In hearings in her courtroom and in marathon discussions, regulators, creditors, bondholders, health insurers, and the company's owners, led by New York investment firm Broadbill Partners LP, fell to arguing over the corpse of Penn Treaty.
The owners didn't see why Penn Treaty couldn't just jack up its fees, as if it were a badly funded health insurer struggling to realign claims and premiums. In rulings including a scathing 2012 opinion, the judge rejected the state plan and wrote that Penn Treaty had assets to pay claims for years, if the state let it boost its rates enough.
But Ario's department, and fellow insurance regulators in other states, continued to resist large increases for Penn Treaty's aging customers. They took what they saw as a principled stand backed by the National Association of Insurance Commissioners: If Penn Treaty could greatly boost its fees as anxious customers aged, why should Americans trust long-term-care salespeople, or any insurance agent, when they promise initial rates that buyers can afford?
The state hired new experts and proposed benefit cuts.

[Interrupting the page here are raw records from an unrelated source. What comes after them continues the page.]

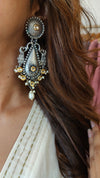 White Drape Dress With Printed Scarf - view 8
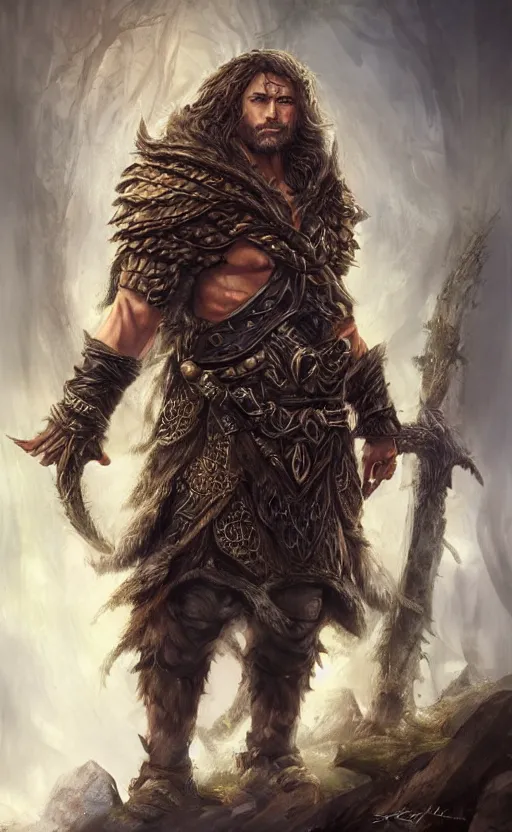 Image similar to a ruthless male druid, full body, 8 k, hyperrealistic, dragon slayer, hyperdetailed, fantasy portrait by laura sava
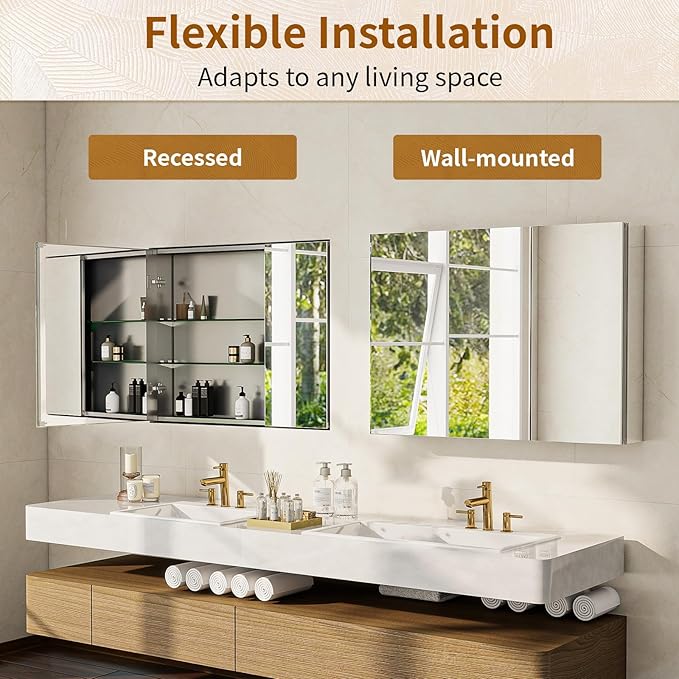 BEAUTYPEAK 36 x 26 Inch Medicine Cabinet with Mirror, Wall Mounted Bathroom Mirror Cabinet, Medicine Cabinet Mirror with Storage & Adjustable Shelves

Policyholders objected. A proposal to split Penn Treaty into a good-assets and a bad-assets company was criticized by the insurers that would have to help pay for it.
In September, the owners settled: Pennsylvania agreed to pay their holding company $10 million, and the owners agreed to share tax-refund rights to nearly $1 billion in Penn Treaty's investment valuation losses with the state, in hopes that might trim the insurance losses. Leavitt approved the settlement over objections from health insurers, who complained they would have to "bear the burden" through the guaranty funds.
The deal "clears the decks" for final liquidation, Gary Hindes, a principal of New York investment firm Delaware Bay Co. who supported Broadbill's position, said at the time.
Raising rates
There are other troubled long-term-care insurers in Pennsylvania. Since Gov. Wolf took office, though, the state seems to have abandoned its old policy of resisting big rate increases by long-term-care companies that sold policies here but failed to predict the true costs of such care.
As my colleague Harold Brubaker has reported, four life-insurance companies - Genworth, Unum, John Hancock, and MetLife - have been asking for fat double-digit increases on long-term policies, and getting them from Pennsylvania officials.
Genworth told the state it lost $2 billion on policies sold from 1974 to 2002 and needs to charge more so it can afford to stay in the business.
Of course, that makes sense for the insurance business and its owners; it also protects the general public from more expensive Penn Treaty-style cleanups. But the message to its long-term-care customers is also clear: Buyer beware.